COUNSEL: Amy Green, Counsel for the Applicant
Richard Van Buskirk, Counsel for the Respondent
HEARD: September 6, 2022
ENDORSEMENT
Overview
[1] The applicant Matthew Stevenson (“the applicant”) and the respondent Kirsten Hargreaves (“the respondent”) cohabited from December 2014 until their separation in 2016. They have a child, Brody Matthew James Stevenson, born June 20, 2015 (“Brody”).

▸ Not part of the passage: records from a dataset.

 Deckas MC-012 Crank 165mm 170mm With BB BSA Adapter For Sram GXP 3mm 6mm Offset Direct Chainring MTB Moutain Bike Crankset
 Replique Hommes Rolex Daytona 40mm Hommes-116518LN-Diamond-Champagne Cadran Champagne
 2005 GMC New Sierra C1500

[2] Pursuant to agreed Minutes of Settlement, the parties consented to the Order of Gordon J. dated July 11, 2019 (“the Final Order”). This Order contained many detailed paragraphs dealing with the parenting roles of each of the parties, in respect of decision-making responsibility, child support and proportionate sharing of s.7 extraordinary expenses. Broadly speaking, the Order provided for joint custody and parallel parenting of Brody and required the parties to meaningfully consult with one another about any important decisions, including decisions relating to health, education and daycare.

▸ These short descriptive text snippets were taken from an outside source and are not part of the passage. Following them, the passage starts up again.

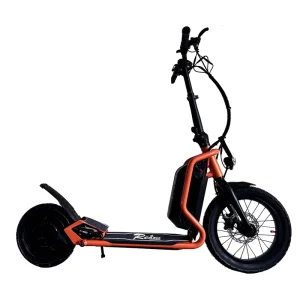 China Stock New Design 2 Wheels Folding Kick Scooter High Speed off Road Fast 48V Dual Motor Adult Electric Scooter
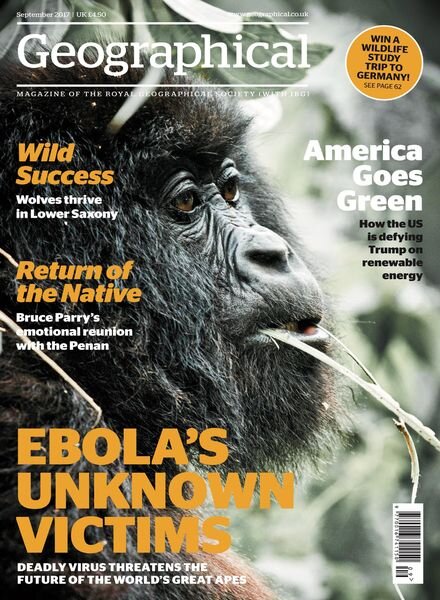 Geographical – September 2017 Cover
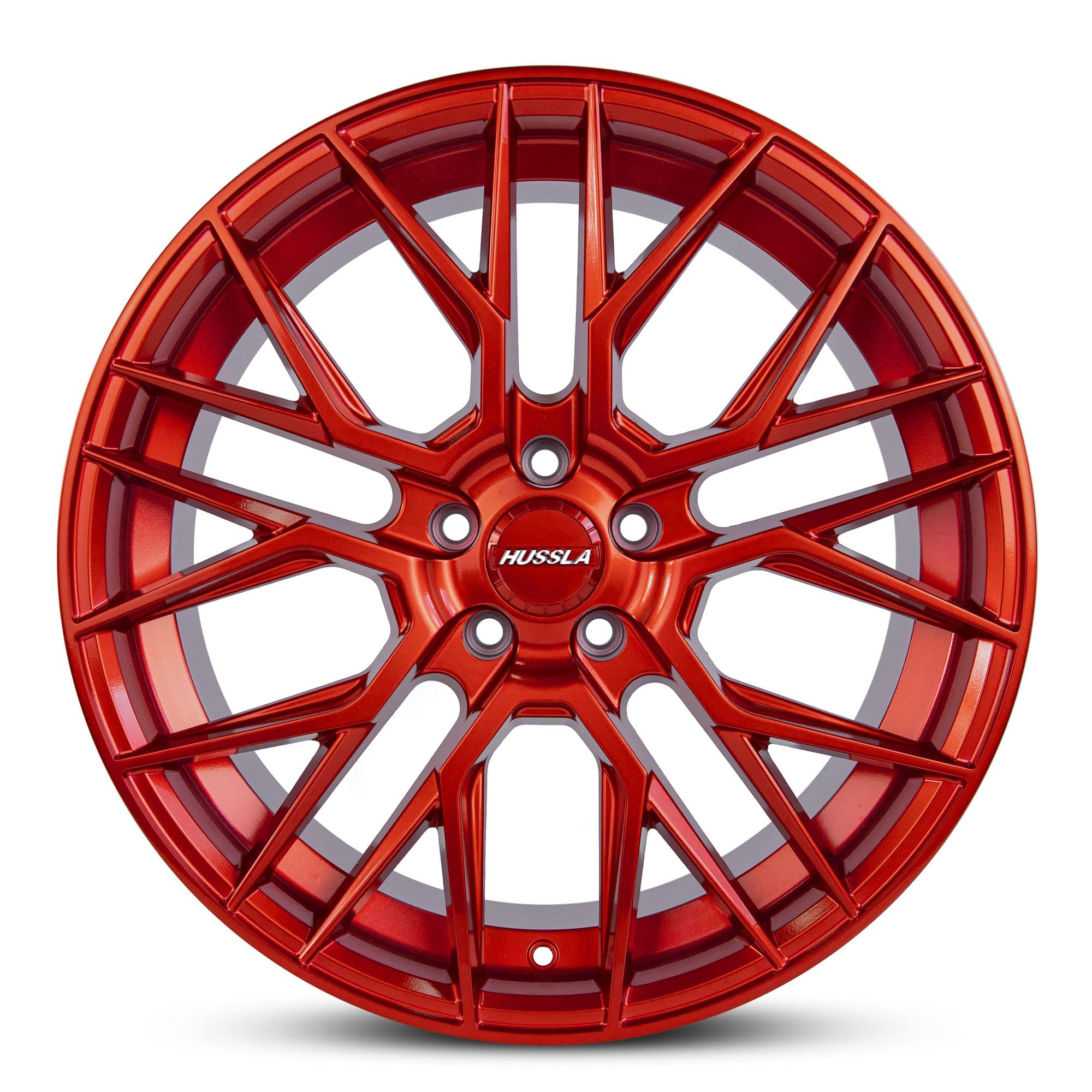 Wheel HUSSLA LIT CANDY RED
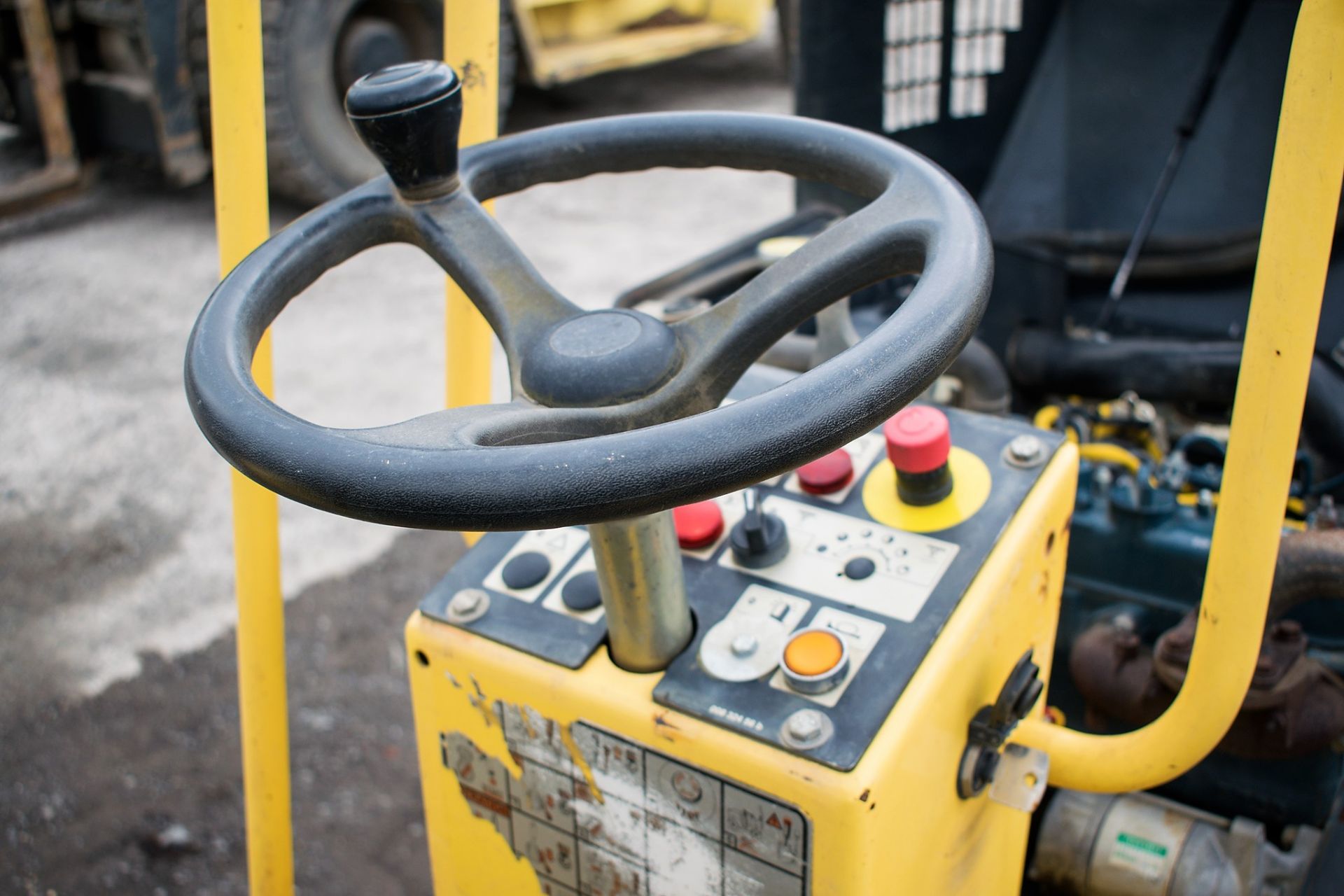 Bomag BW80 ADH-2 double drum ride on roller Year: 2007 S/N: 24758 Recorded Hours: 847 1078 - Image 10 of 10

[3] The Final Order also provided that ongoing child support for Brody be paid by the applicant in the amount of $558 per month in accordance with his 2018 income of $60,177, and by the respondent in the amount of $464 per month in accordance with her 2018 income of $50,308, resulting in a set-off amount owing by the applicant to the respondent of $94 per month. It provided that the parties were to contribute towards Brody’s s.7 expenses based on their respective incomes, with the applicant’s share being 54% and the respondent’s share being 46%.

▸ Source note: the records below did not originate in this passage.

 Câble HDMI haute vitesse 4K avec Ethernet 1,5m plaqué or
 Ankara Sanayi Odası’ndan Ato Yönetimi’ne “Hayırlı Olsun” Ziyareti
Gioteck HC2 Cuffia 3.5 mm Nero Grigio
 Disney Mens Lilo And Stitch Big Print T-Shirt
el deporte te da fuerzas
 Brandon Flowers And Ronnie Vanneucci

[4] By his Notice of Motion dated July 21, 2020 (amended May 30, 2022), the applicant brings a Motion to Change the Order of Gordon J. dated July 11, 2019. He requests that the child support and decision-making terms of this Order be varied based on a material change in circumstances. He requests that the Court impute income to the respondent in the amount of $60,000 commencing July 1, 2020 for the purposes of calculating her child support obligations pursuant to s.9 of the Child Support Guidelines, and that the Court order that the applicant have sole decision-making responsibility for Brody.
[5] The applicant further requests that the Court strike the respondent’s pleadings for what he says is her failure to comply with previous Orders requiring her to provide disclosure necessary to determine the support issue.
[6] The respondent resists the applicant’s motion and brings a cross-Motion to Change wherein she requests the Court to also vary the child support and decision-making terms of the Final Order, specifically that she has sole decision-making responsibility for Brody, and that her child support obligation for Brody be reduced due to her reduction in income commencing on August 1, 2020. She also requests that the Order of Broad J. dated August 21, 2020, regarding costs, be set aside.
Positions of the Parties
[7] The position of the applicant is that there has been a material change in circumstances, and that the respondent has been voluntarily underemployed. He requests that the Court order that the applicant is to have sole decision-making responsibility for Brody in relation to his education, health (medical and dental), and extra-curricular activities; that the respondent’s income be imputed to $60,000 for the purposes of determining her contribution to s.7 extraordinary expenses; and that no child support be paid by either party to the other pursuant to s.9 of the Child Support Guidelines.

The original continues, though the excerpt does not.